Il premi da litteratura vegn surdà dapi il 1979 sin proposta dal cussegl da la Fundaziun Schiller svizra. I sa tracta dal pli vegl engaschi per la litteratura da la Banca Chantunala Turitgaisa. Cun questa contribuziun promova e sustegna la ZKB la scena litterara dal spazi economic Turitg. Unser Engagement
Franz Hohler
Franz Hohler & friends (Luchterhand Verlag 2024)
Jurybegründung:
Die Porträts von Freunden, Berufskolleginnen, Persönlichkeiten des kulturellen Lebens, die das Buch versammelt, stammen aus fünf Jahrzehnten. Sie entstanden für so unterschiedliche Anlässe wie Preisverleihungen, Geburtstage oder Totenfeiern. Hohler geht immer von persönlichen Begegnungen aus. Seine Porträtkunst erweist sich im Vermögen, immer neue Herangehensweisen zu finden, die auf die gewürdigten Personen fein abgestimmt sind und diese sprachlich zu vergegenwärtigen vermögen. So ist das Buch auch eine Schule der Menschenkenntnis und entwirft die Utopie eines Umgangs unter Kulturschaffenden, der von Verstehen, Respekt und Wohlwollen bestimmt ist.
Franz Hohler wurde1943 in Biel geboren und wuchs in Olten auf. Er brach sein Germanistikstudium ab, um sich dem Kabarett und der Literatur zu widmen. Seine Chansons, zu denen er sich selber auf dem Cello begleitet, gehören zum populären, kritischen Kulturgut der Schweiz und sind eigene literarische Perlen. Seit seiner Studienzeit wohnt er in Zürich; Zürcherinnen und Zürcher sind auch viele der in seinem Buch Porträtierten.
PREISVERLEIHUNG VOM 2. JUNI 2025 IM LITERATURHAUS ZÜRICH
Preisträger Fanz Hohler
Dr. Jörg Müller-Ganz, Präsident des Bankrats der ZKB, Franz Hohler und
Nicola Steiner, Leiterin des Literaturhauses Zürich.
Fotos von Dominique Meienberg
Laudatio, gehalten von Dr. Dominik Müller
Sehr geehrte Damen und Herren,
Franz Hohlers & friends, das Buch, das wir heute feiern, stellt einen Laudator vor eine spezielle Herausforderung.
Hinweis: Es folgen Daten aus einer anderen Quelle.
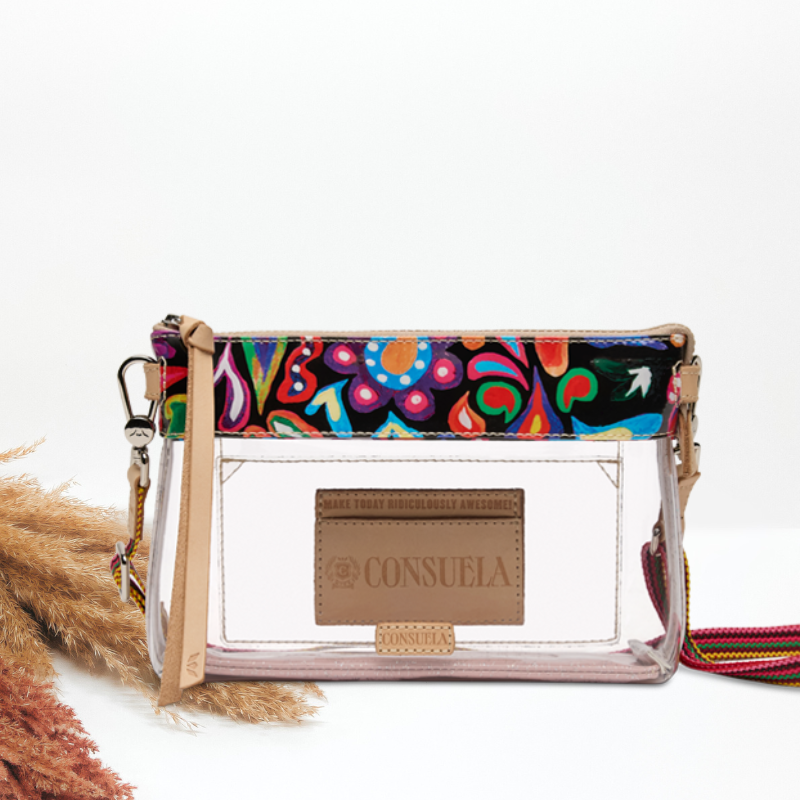 A clear plastic crossbody clutch bag with a colorful patterned top band, beige leather trim, and a tan brand patch reading CONSUELA. The bag is photographed on a white studio background with dried grass stems at the lower left.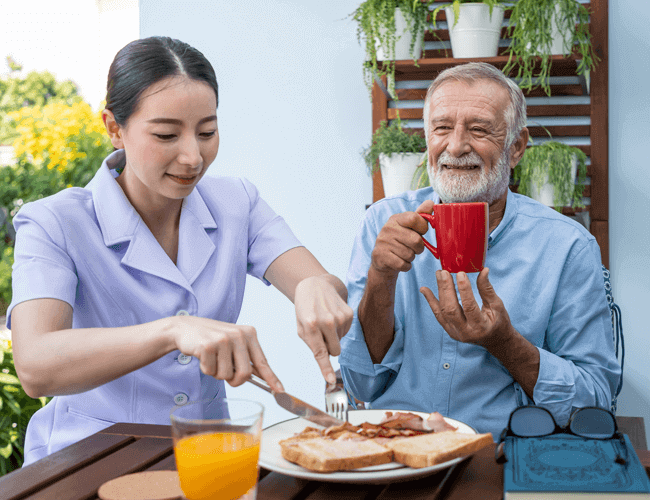 A caregiver providing food and nutritional needs for an elderly person
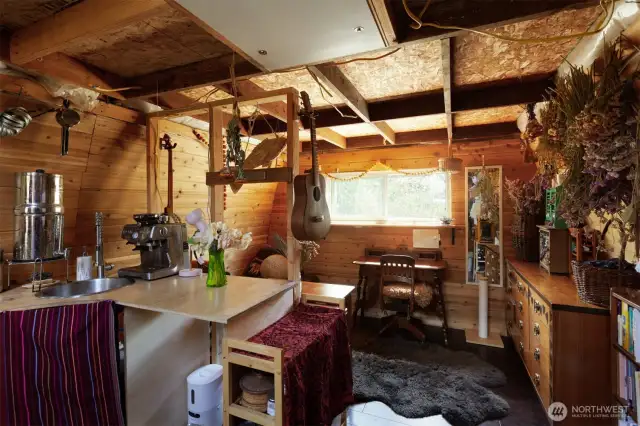 Interior with sink and counter space, looking through to cozy living space.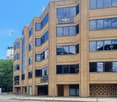 4 story building, brick, glass windows, Regus signage, cars visible on driveway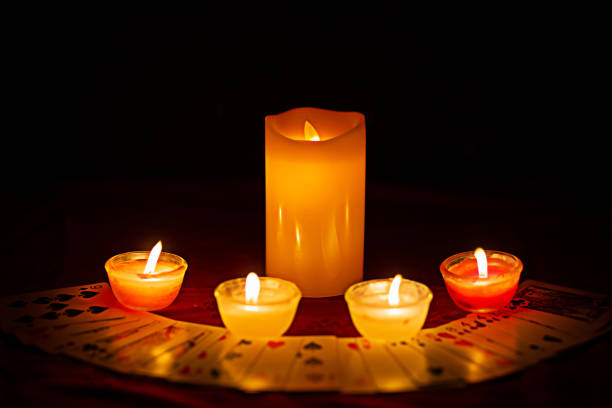 istock Candle lighting and divination with cards horoscope concept images 1503161720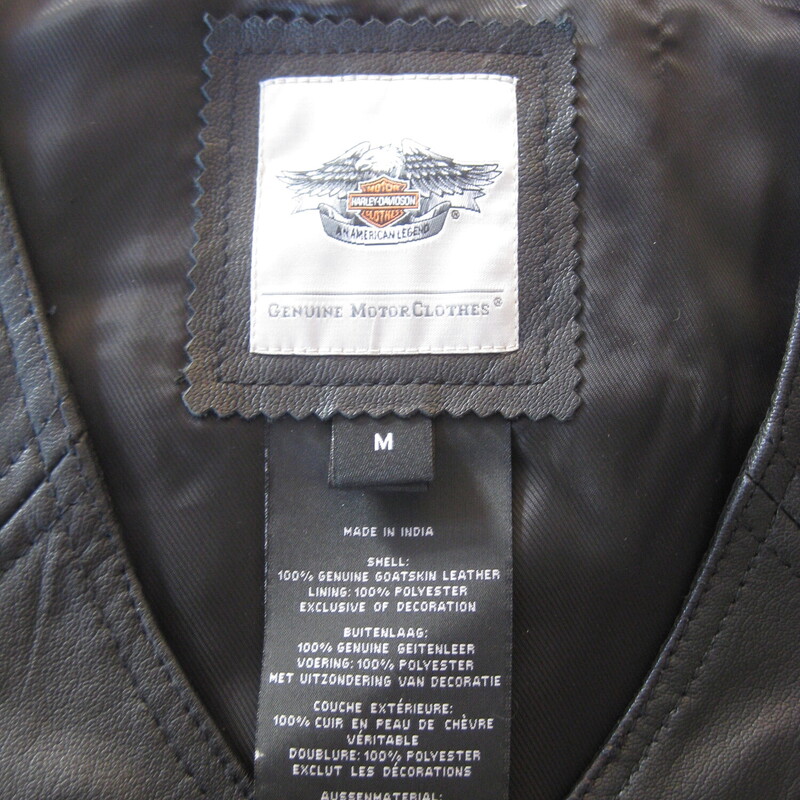 No frills black leather riding vest by<br />
Harley-Davidson<br />
fully lined<br />
snap front<br />
marked size M (seems a little small for a modern size Medium gal, esp if busty<br />
Flat measurements:<br />
armpit to armpit: 18.75<br />
width at hem: 19.75<br />
length: 23<br />
<br />
perfect condtion.<br />
<br />
thanks for looking!<br />
#69164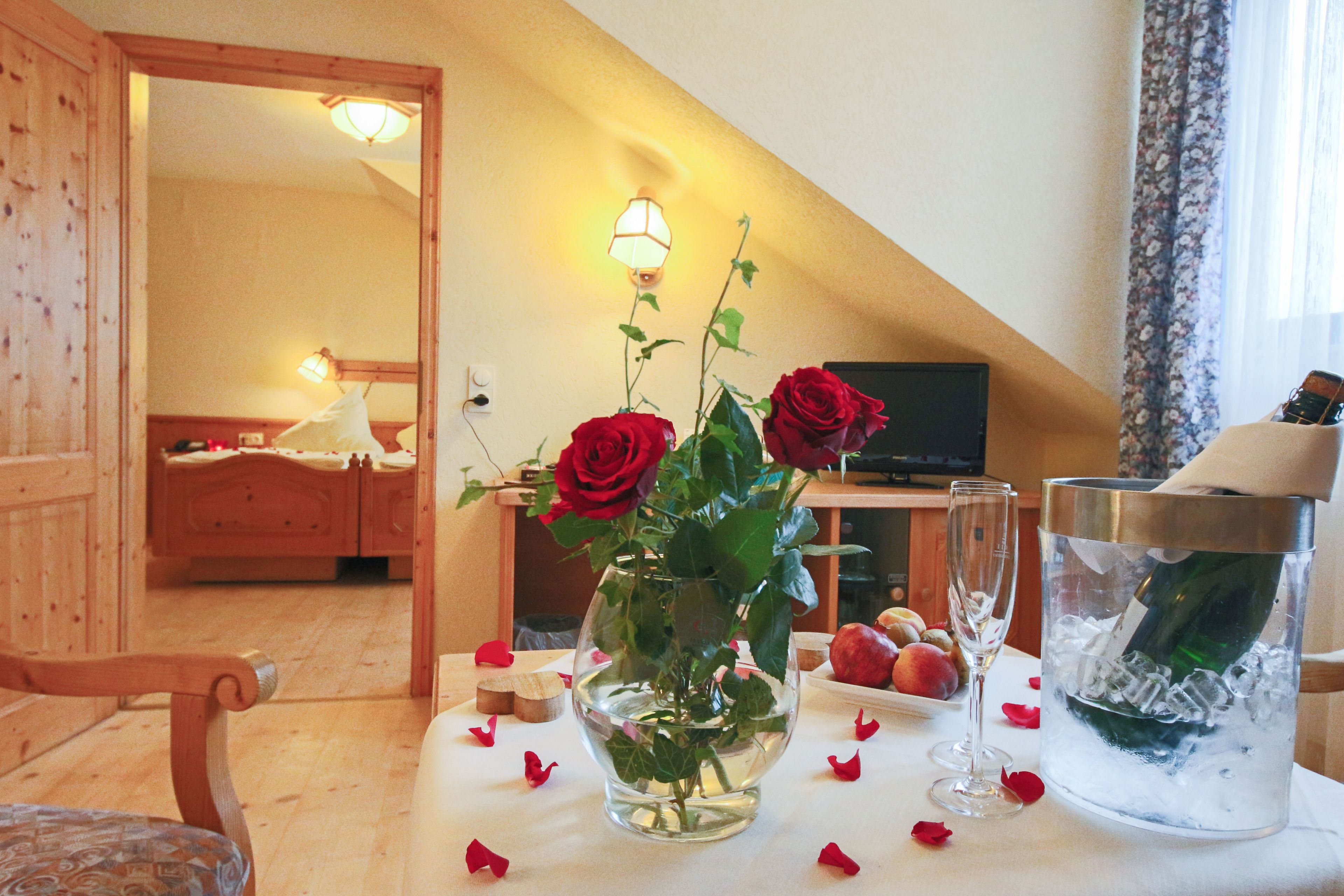 Une chambre avec un lit en bois, une petite table sur laquelle est posé un vase de roses rouges, une bouteille de champagne et un verre.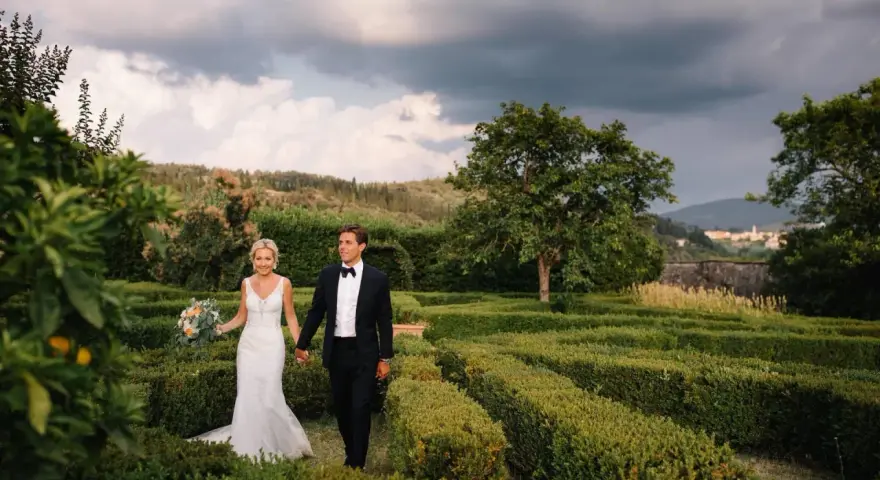 Sposi passeggiano mano nella mano tra i verdi labirinti della **villa di Maiano**, con un bouquet fiorito e uno sfondo di colline toscane.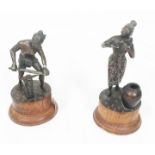A pair of southeast Asian bronze figures on wooden stands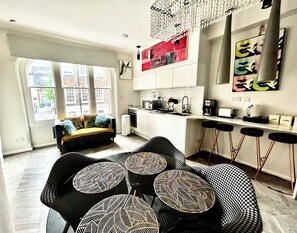 A modern kitchen with white cabinets, a microwave, and a coffee machine. There is a dining area with black chairs and patterned table mats. - Soho Suite London (London)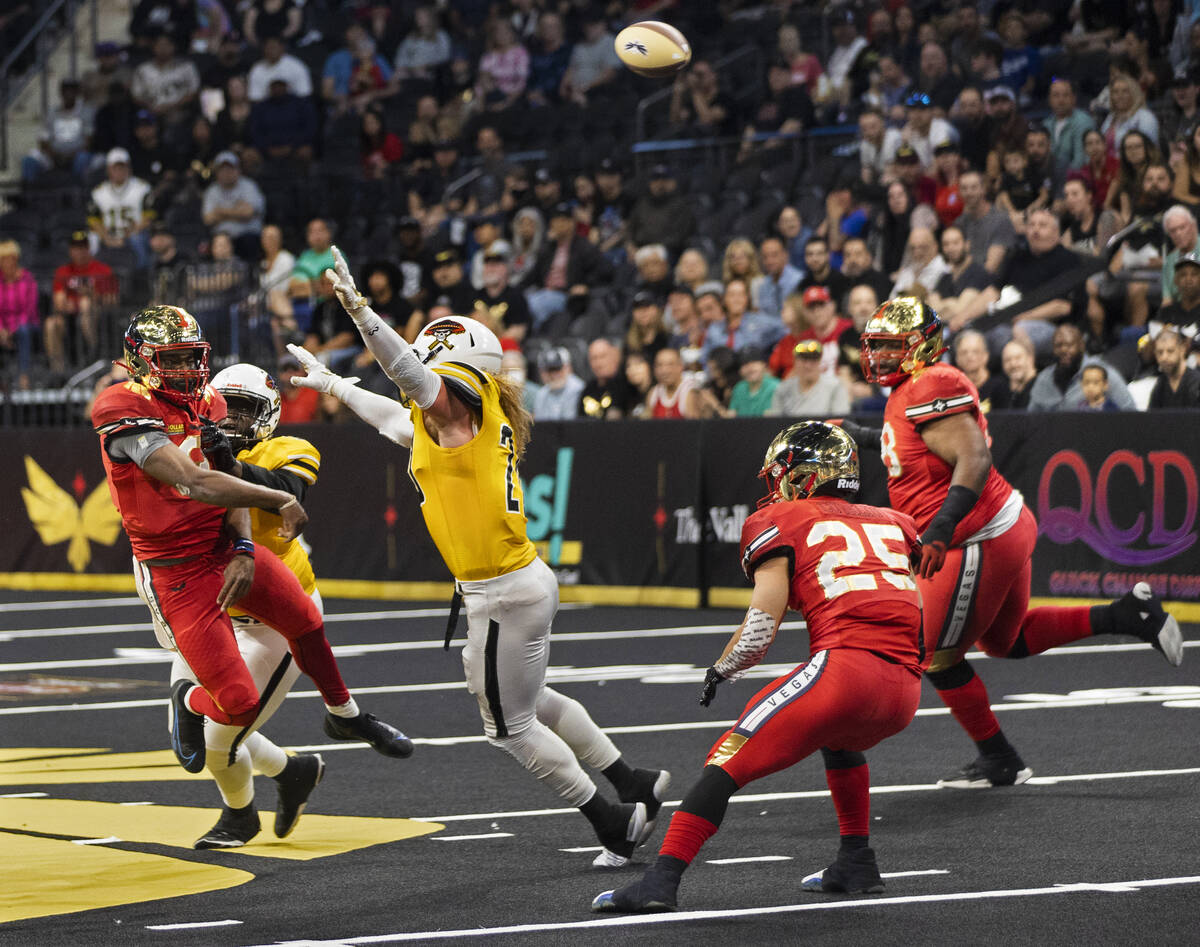 Vegas Knight Hawks quarterback Jaylon Henderson (9) makes a leaping throw over Tucson Sugar Sku ...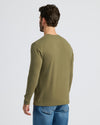 Man wearing Military Green Classic Long Sleeve Crew Neck with jeans.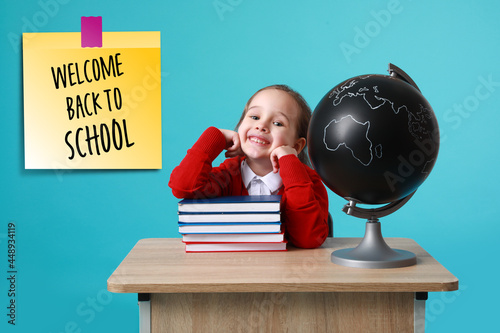 Cute little schoolgirl with...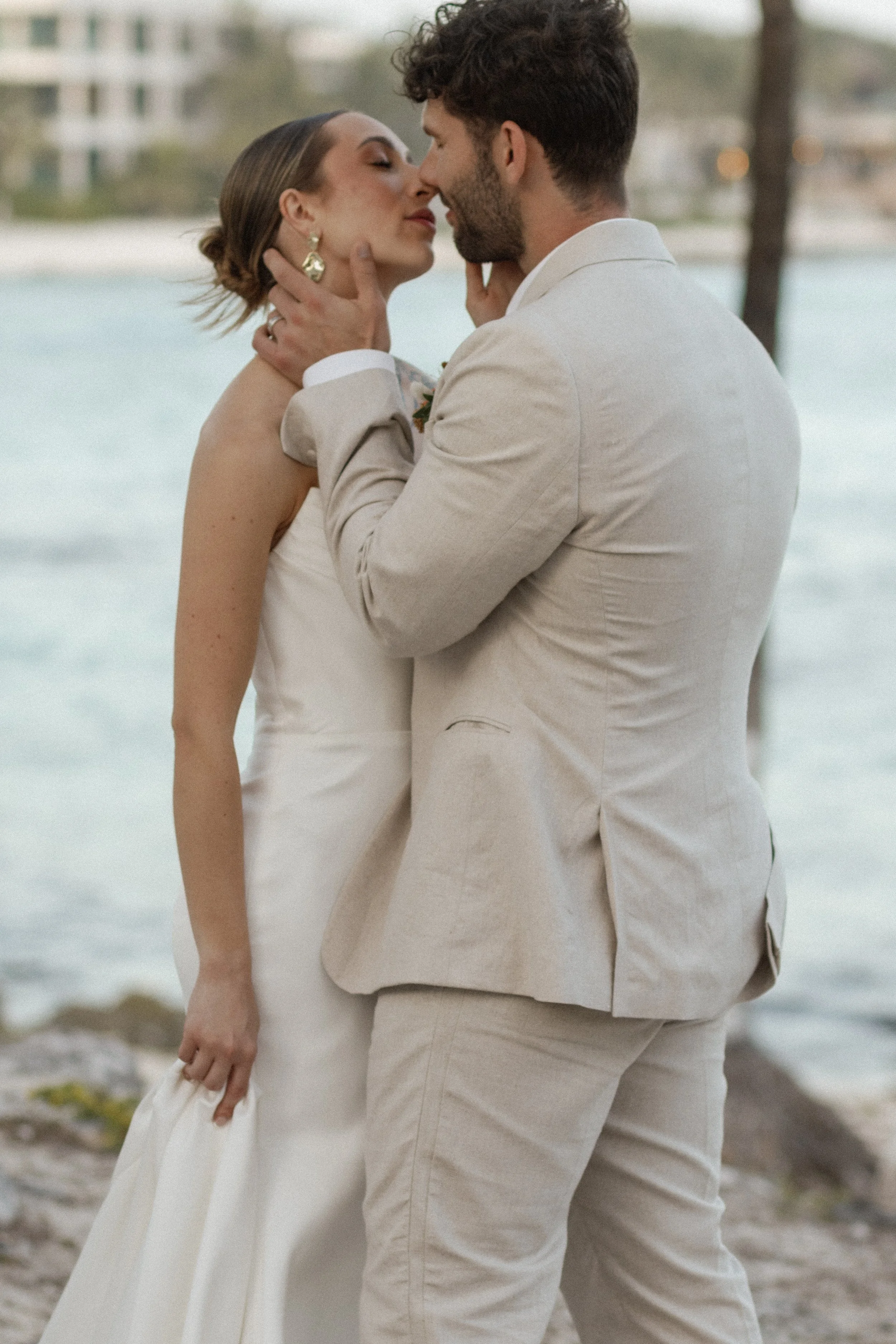 he ultimate celebratory kiss, surrounded by cheering loved ones under swaying palms. This moment perfectly encapsulates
Es enthält selbst eine ganze Reihe von Festreden. Alle zeugen von einer hohen Kunst des Rühmens. Es wäre wohl ein gefährliches Unternehmen, wenn ich versuchen würde, dieser hier nachzueifern. In der Romantik wurde zwar postuliert, dass nur Künstler Künstler, nur Dichter Dichter würdigen dürfen. Solchem Absolutismus ist entgegenzuhalten, dass Kunst- und Literaturkritik ja gerade eine Art Übersetzungsleistung erbringen. Da ist es hilfreich, wenn deren Zielsprache eine sachliche, nüchterne, meinetwegen eine arme ist.
Meine Rolle kann auch noch aus einem anderen Grund nicht mit der verglichen werden, die Franz Hohler in seinem Buch so souverän, so humorvoll, so liebenswürdig spielt. Ich stehe hier als Vertreter der Schillerstiftung vor Ihnen. Der Entscheid, Franz Hohler & friends für den Preis vorzuschlagen, fällte der mehrsprachige Stiftungsrat der Schillerstiftung auf Vorschlag der deutschsprachigen Jury, der Bettina Braun, Ruth Gantert und ich angehören. So schickt es sich nicht, dass ich das Wörtchen «ich» zu häufig in den Mund nehme, obwohl der Charme des Buches, um das es geht, gerade wesentlich darin liegt, dass es so persönlich ist.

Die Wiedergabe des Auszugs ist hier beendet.